▸ Exercise requirements:
Only the lines from the one containing "Rainsken Bamboo Ladder Towel Rack" through the last line of the data are to be written out, exactly and in full.

========================

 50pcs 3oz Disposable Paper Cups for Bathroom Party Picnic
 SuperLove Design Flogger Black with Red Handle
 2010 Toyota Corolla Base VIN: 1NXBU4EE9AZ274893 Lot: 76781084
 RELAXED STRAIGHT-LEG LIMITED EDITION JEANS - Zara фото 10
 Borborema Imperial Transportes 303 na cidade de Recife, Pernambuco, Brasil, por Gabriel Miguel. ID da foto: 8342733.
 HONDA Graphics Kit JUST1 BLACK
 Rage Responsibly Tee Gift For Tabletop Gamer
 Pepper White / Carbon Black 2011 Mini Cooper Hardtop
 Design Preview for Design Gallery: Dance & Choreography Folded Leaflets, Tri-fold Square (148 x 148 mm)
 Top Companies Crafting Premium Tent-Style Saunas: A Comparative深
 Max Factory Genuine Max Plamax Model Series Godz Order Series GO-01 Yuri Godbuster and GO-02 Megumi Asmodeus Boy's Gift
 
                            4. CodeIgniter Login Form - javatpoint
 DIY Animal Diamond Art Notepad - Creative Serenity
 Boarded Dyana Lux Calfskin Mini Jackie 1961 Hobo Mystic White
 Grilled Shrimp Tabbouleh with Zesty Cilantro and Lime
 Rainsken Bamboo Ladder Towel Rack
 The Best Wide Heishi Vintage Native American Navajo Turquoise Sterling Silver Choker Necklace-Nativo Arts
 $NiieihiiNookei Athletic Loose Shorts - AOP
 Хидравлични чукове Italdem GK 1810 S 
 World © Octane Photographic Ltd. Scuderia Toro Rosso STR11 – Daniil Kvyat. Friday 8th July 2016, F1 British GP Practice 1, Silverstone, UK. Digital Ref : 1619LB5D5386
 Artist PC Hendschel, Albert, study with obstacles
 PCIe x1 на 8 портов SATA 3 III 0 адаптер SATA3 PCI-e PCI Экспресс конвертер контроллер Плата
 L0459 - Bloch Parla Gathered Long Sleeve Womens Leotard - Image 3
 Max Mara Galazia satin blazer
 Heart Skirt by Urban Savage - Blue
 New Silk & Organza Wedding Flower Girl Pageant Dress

========================

▸ Output for this exercise:
 Rainsken Bamboo Ladder Towel Rack
 The Best Wide Heishi Vintage Native American Navajo Turquoise Sterling Silver Choker Necklace-Nativo Arts
 $NiieihiiNookei Athletic Loose Shorts - AOP
 Хидравлични чукове Italdem GK 1810 S 
 World © Octane Photographic Ltd. Scuderia Toro Rosso STR11 – Daniil Kvyat. Friday 8th July 2016, F1 British GP Practice 1, Silverstone, UK. Digital Ref : 1619LB5D5386
 Artist PC Hendschel, Albert, study with obstacles
 PCIe x1 на 8 портов SATA 3 III 0 адаптер SATA3 PCI-e PCI Экспресс конвертер контроллер Плата
 L0459 - Bloch Parla Gathered Long Sleeve Womens Leotard - Image 3
 Max Mara Galazia satin blazer
 Heart Skirt by Urban Savage - Blue
 New Silk & Organza Wedding Flower Girl Pageant Dress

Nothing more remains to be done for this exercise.